Facial recognition technology is improving by leaps and bounds. Some commercial software can now tell if a person in a photograph is male or female 99 percent of the time.
But it has that accuracy only if the person is a white man.
The darker the skin, the more errors arise — up to nearly 35 percent for images of darker skinned women, according to a new study that breaks fresh ground by measuring how the technology works on people of different races and gender.
These disparate results, calculated by Joy Buolamwini, a researcher at the M.I.T. Media Lab, show how some of the biases in the real world can seep into artificial intelligence, the computer systems that inform facial recognition.
In modern artificial intelligence, data rules. A.I. software is only as smart as the data used to train it. If there are many more white men than black women in the system, it will be worse at identifying the black women.
One widely used facial-recognition data set was estimated to be more than 75 percent male and more than 80 percent white, according to another research study.
The new study also raises broader questions of fairness and accountability in artificial intelligence at a time when investment in and adoption of the technology is racing ahead.
Today, facial recognition software is being deployed by companies in various ways, including to help target product pitches based on social media profile pictures.
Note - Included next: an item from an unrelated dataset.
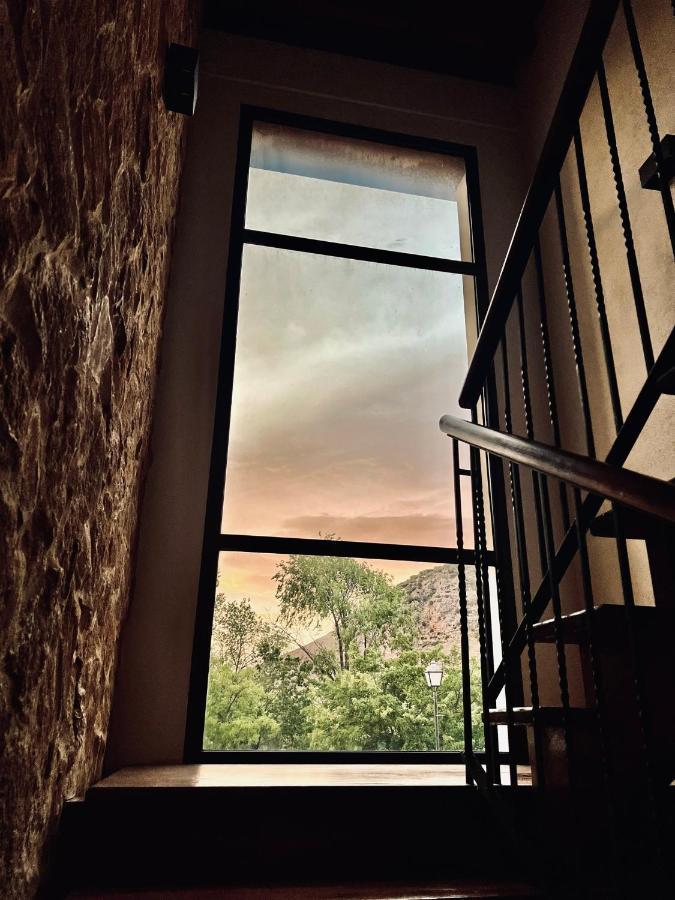 Villa Mirador 曼萨内拉 外观 照片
But companies are also experimenting with face identification and other A.I. technology as an ingredient in automated decisions with higher stakes like hiring and lending.
Researchers at the Georgetown Law School estimated that 117 million American adults are in law enforcement face recognition networks — and that African Americans were most likely to be singled out, because they were disproportionately represented in mug-shot databases.
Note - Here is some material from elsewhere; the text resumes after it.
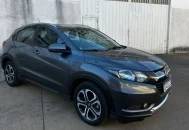 Honda Hrv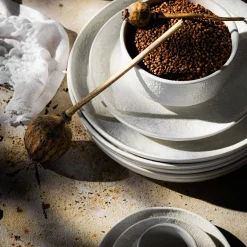 Talerz deserowy ASPERO 21,5 cm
Facial recognition technology is lightly regulated so far.
“This is the right time to be addressing how these A.I. systems work and where they fail — to make them socially accountable,” said Suresh Venkatasubramanian, a professor of computer science at the University of Utah.
Until now, there was anecdotal evidence of computer vision miscues, and occasionally in ways that suggested discrimination. In 2015, for example, Google had to apologize after its image-recognition photo app initially labeled African Americans as “gorillas.”
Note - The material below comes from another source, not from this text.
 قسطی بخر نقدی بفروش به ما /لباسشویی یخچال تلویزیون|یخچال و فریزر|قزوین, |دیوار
Sorelle Friedler, a computer scientist at Haverford College and a reviewing editor on Ms. Buolamwini’s research paper, said experts had long suspected that facial recognition software performed differently on different populations.
“But this is the first work I’m aware of that shows that empirically,” Ms. Friedler said.
Ms. Buolamwini, a young African-American computer scientist, experienced the bias of facial recognition firsthand. When she was an undergraduate at the Georgia Institute of Technology, programs would work well on her white friends, she said, but not recognize her face at all. She figured it was a flaw that would surely be fixed before long.
But a few years later, after joining the M.I.T. Media Lab, she ran into the missing-face problem again. Only when she put on a white mask did the software recognize hers as a face.
By then, face recognition software was increasingly moving out of the lab and into the mainstream.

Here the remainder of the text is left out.